*Exercise directions*.
Every line from the one with "Iron-catalysed reduction of" to the final line of the listing below should be repeated exactly, and only those.

(Data provided Opens)

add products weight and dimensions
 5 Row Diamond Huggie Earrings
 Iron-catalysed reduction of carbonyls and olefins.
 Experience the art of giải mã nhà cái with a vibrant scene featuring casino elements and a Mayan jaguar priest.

(Data provided Closes)

*Task result*.
 Iron-catalysed reduction of carbonyls and olefins.
 Experience the art of giải mã nhà cái with a vibrant scene featuring casino elements and a Mayan jaguar priest.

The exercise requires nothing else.